Sztuczna inteligencja naśladuje głos, oszuści zbierają pieniądze

Według The Washington Post, Ruth Card otrzymała telefon od swojego "wnuka" Brandon, który rzekomo przebywał w więzieniu i potrzebował pieniędzy na kaucję. Głos w telefonie brzmiał autentycznie, ale tak naprawdę to był oszust podszywający się pod wnuka. Card i jej mąż wypłacali około 2000 euro z jednego banku i udawali się do kolejnego, aby zdobyć więcej pieniędzy. Ostatecznie trafili do biura kierownika banku, który rozpoznał oszustwo, gdyż inny klient również otrzymał podobny telefon z pozornie prawdziwym, fałszywym głosem.
Sztuczna inteligencja pomaga oszustom
Według Golema, w Stanach Zjednoczonych w zeszłym roku zgłoszono 36 000 przypadków oszustw, w których krewni zostali okradzeni z pieniędzy pod pretekstem nagłych wypadków.

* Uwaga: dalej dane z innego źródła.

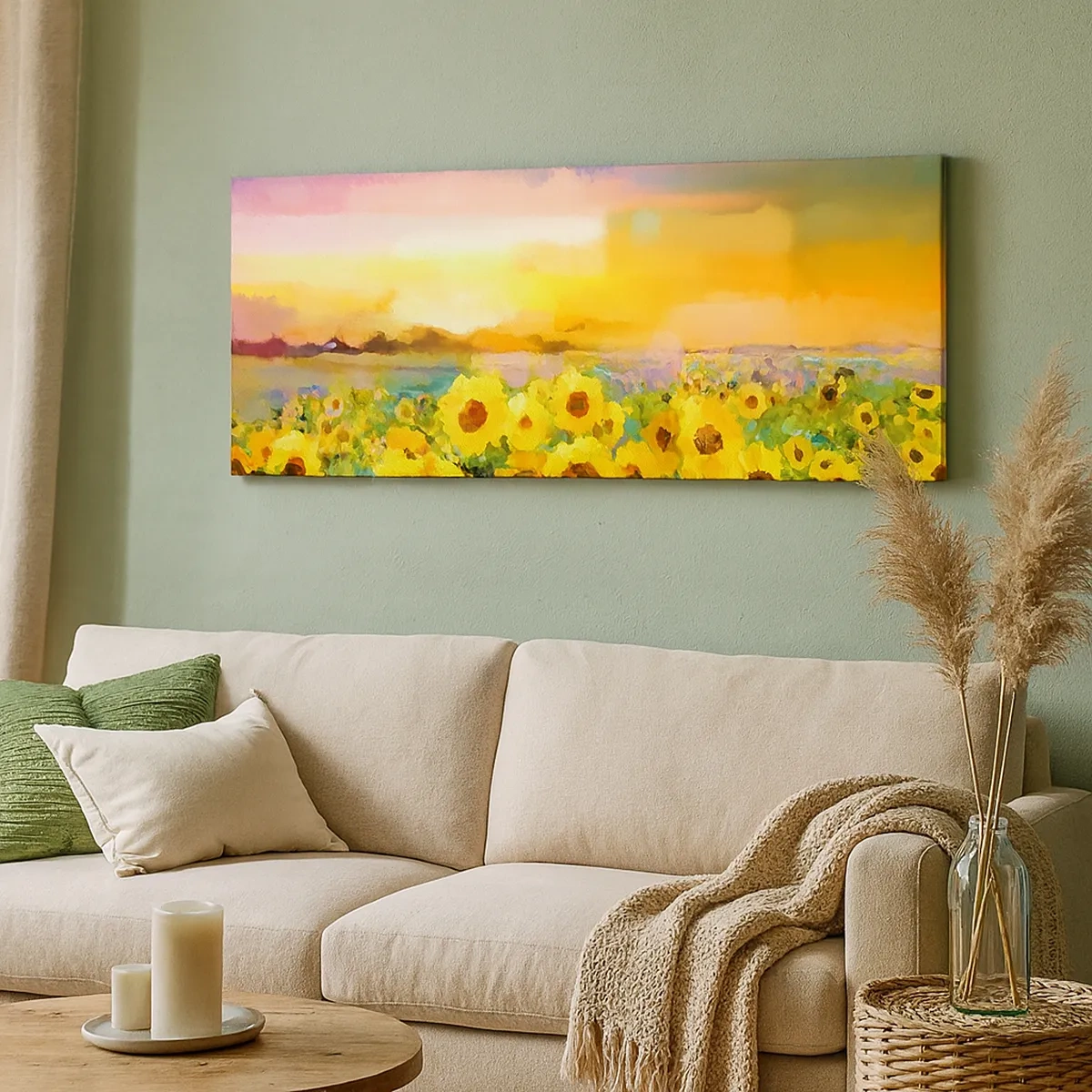 Lærredstryk - Billede på lærred - Selve solen er steget ned på jorden - 30x30 cm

Zgodnie z Federalną Komisją Handlu (FTC), 5100 z tych przypadków było wynikiem oszustw telefonicznych, a łączne straty wyniosły ponad 11 milionów dolarów.
Chociaż sztuczna inteligencja rzadko była używana w tych oszustwach, łatwa dostępność odpowiednich aplikacji oznacza, że liczba przypadków z jej wykorzystaniem rośnie. Golem donosi o dziennikarzu, który oszukał swój bank, używając sztucznego głosu, wystarczyło skorzystać z darmowego narzędzia.

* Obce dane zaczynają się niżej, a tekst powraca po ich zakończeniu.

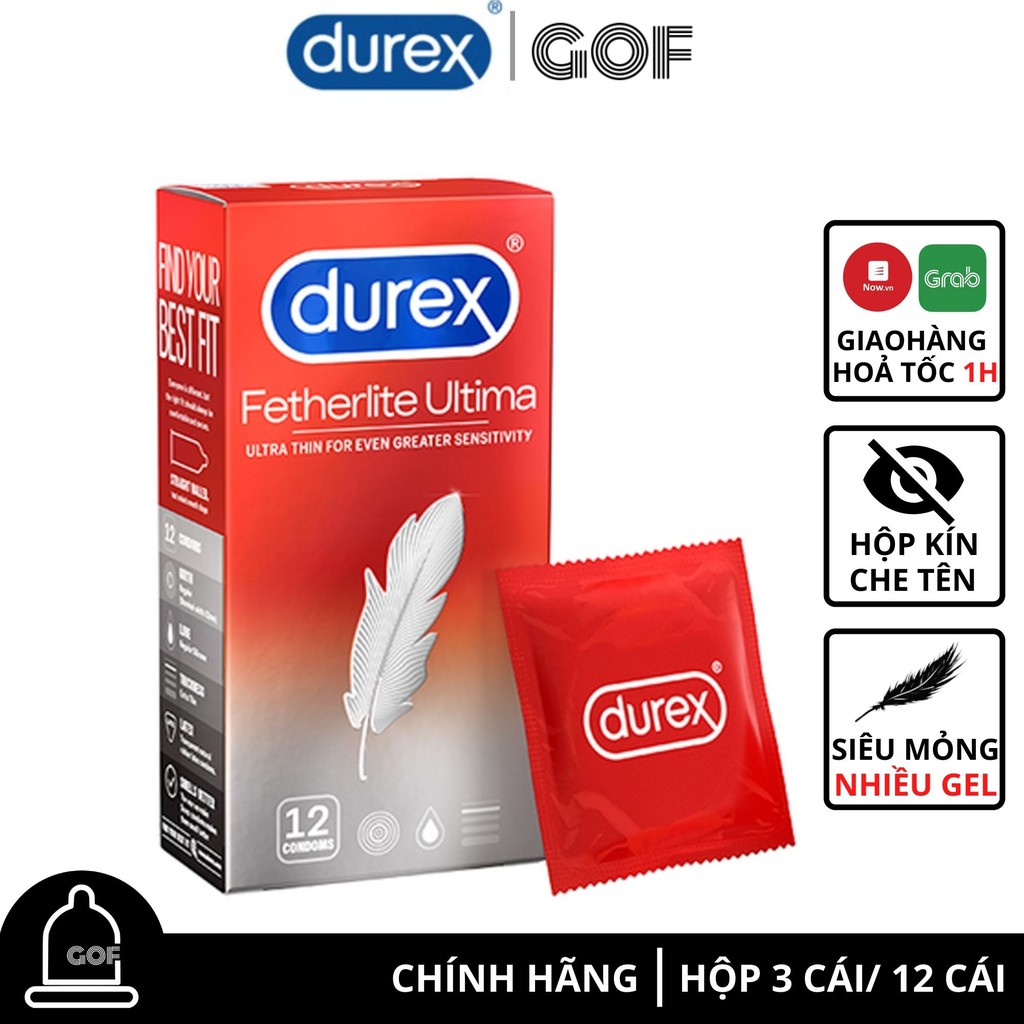 Bao cao su mỏng Durex Fetherlite Ultima Hộp 12C - GoF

Nie jest jasne, jak wiele przypadków oszustw z wykorzystaniem deepfake, zarówno głosowych, jak i wideo, nie zostało zgłoszonych. Jednakże wraz z coraz bardziej wyrafinowanymi technologiami deepfake, jest tylko kwestią czasu, zanim tego typu oszustwa staną się poważnym problemem.